◆ **WHAT THE EXERCISE ASKS**:
In the material below, find the line with "Hello and welcome" and the line with "We also include", then output those two lines and every line between them, exactly.

◆ **EXCERPTED RECORDS**:
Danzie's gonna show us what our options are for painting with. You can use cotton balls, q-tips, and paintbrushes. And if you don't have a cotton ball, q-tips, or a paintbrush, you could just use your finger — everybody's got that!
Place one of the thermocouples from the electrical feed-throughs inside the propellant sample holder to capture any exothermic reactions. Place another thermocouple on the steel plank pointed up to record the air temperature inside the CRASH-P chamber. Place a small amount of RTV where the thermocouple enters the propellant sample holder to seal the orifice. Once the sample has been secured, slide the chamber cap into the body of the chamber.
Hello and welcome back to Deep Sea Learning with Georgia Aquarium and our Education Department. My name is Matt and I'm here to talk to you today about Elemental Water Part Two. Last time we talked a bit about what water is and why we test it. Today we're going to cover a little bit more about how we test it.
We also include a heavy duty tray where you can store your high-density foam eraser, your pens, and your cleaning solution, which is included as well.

---

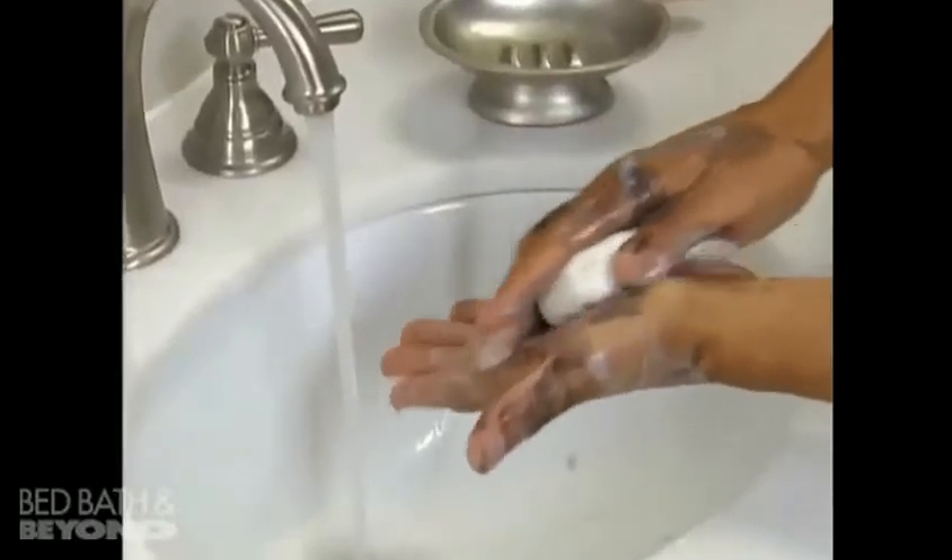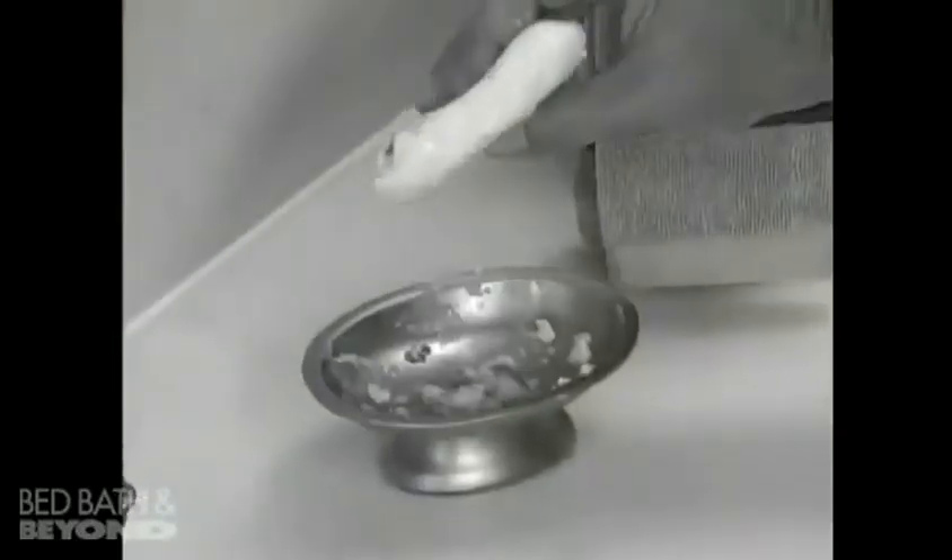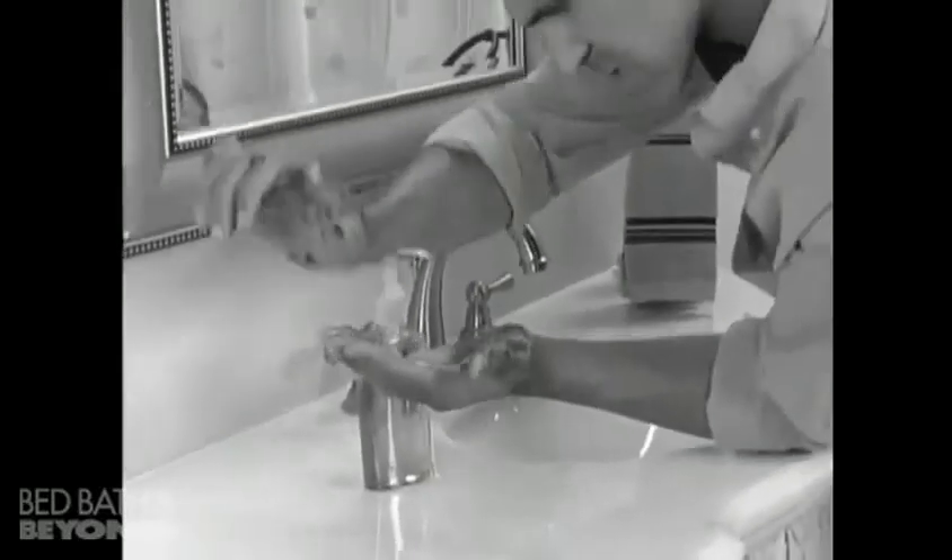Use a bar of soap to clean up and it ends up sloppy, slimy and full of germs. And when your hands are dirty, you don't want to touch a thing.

◆ **TASK OUTPUT**:
Hello and welcome back to Deep Sea Learning with Georgia Aquarium and our Education Department. My name is Matt and I'm here to talk to you today about Elemental Water Part Two. Last time we talked a bit about what water is and why we test it. Today we're going to cover a little bit more about how we test it.
We also include a heavy duty tray where you can store your high-density foam eraser, your pens, and your cleaning solution, which is included as well.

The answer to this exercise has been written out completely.